Every year, at 5 p.m. on this day, alarm sirens are heard on the streets of Warsaw. The city comes to a halt. In holding a minute of silence, Warsaw residents pay tribute to the fallen insurgents and those who survived.
Every year, events commemorating the rising are held in various parts of Poland, but the capital marks the beginning of the rising in the most unique way, through ‘W-Hour’ at 5 p.m. At this moment, alarm sirens are activated and a one-minute continuous signal is sounded. Public transport, cars and residents of Warsaw stop in their tracks to pay tribute to the insurgents and murdered residents of the city.

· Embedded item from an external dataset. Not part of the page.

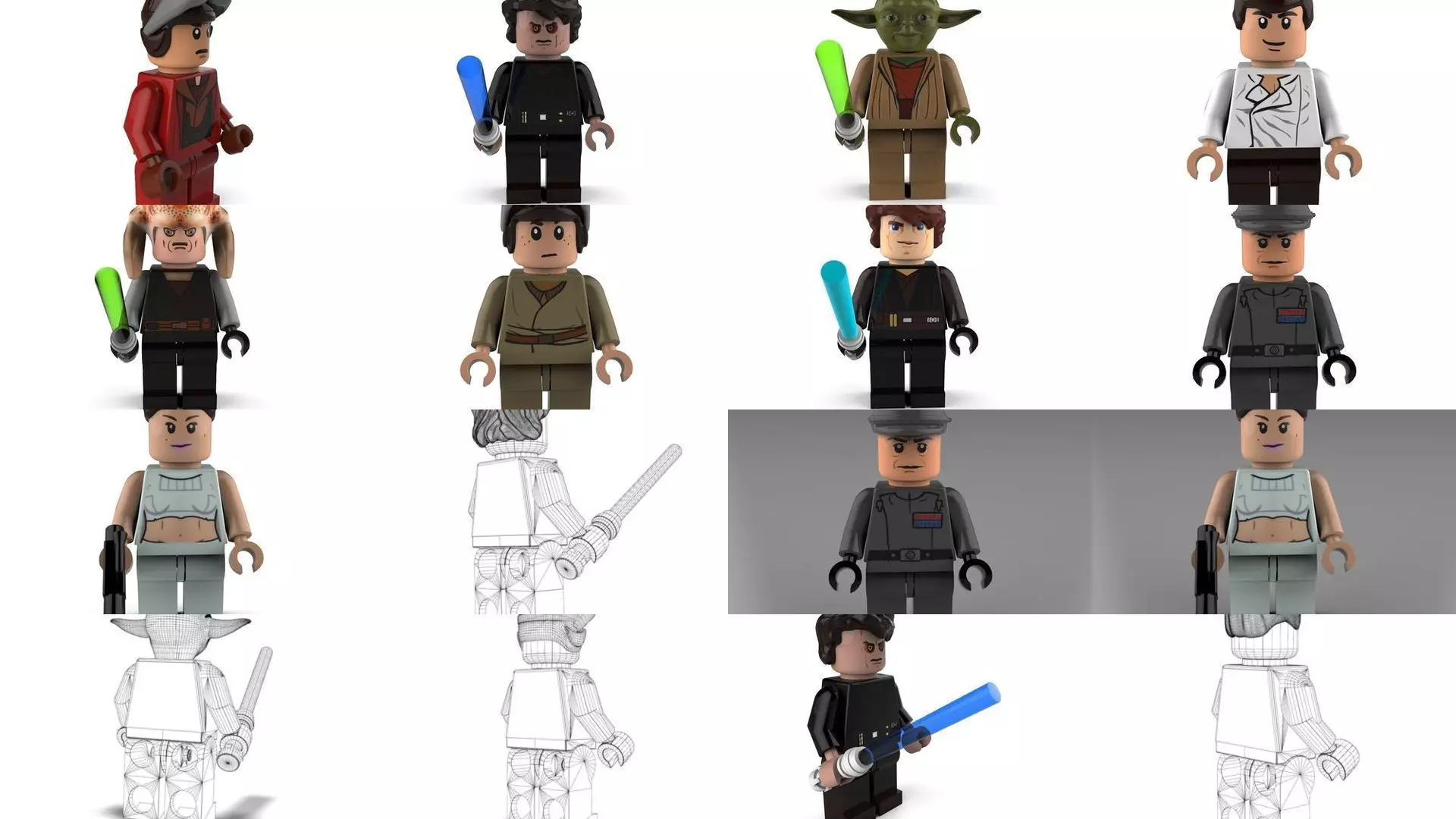 Movie Characters Brick Minifigures 2 3D Model Collection_0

The Warsaw Rising broke out on August 1, 1944 and lasted 63 days until October 3, 1944. It was the biggest freedom surge in the history of World War II. Almost 50,000 Home Army insurgents faced the might of the German forces occupying the capital of Poland since 1939.
The passivity of the Soviet Red Army units stationed on the other side of the Vistula, and the degree to which the insurgents were outnumbered in their fight against the Nazis, led to death about 16,000 Home Army fighters and 150,000 Polish civilian victims. As a result, about 25 percent of Warsaw’s left-bank part was destroyed. Combined with the demolition carried out by the Germans until January 16, 1945, the German Nazis destroyed over 70 percent of residential buildings and 90 percent of historic buildings.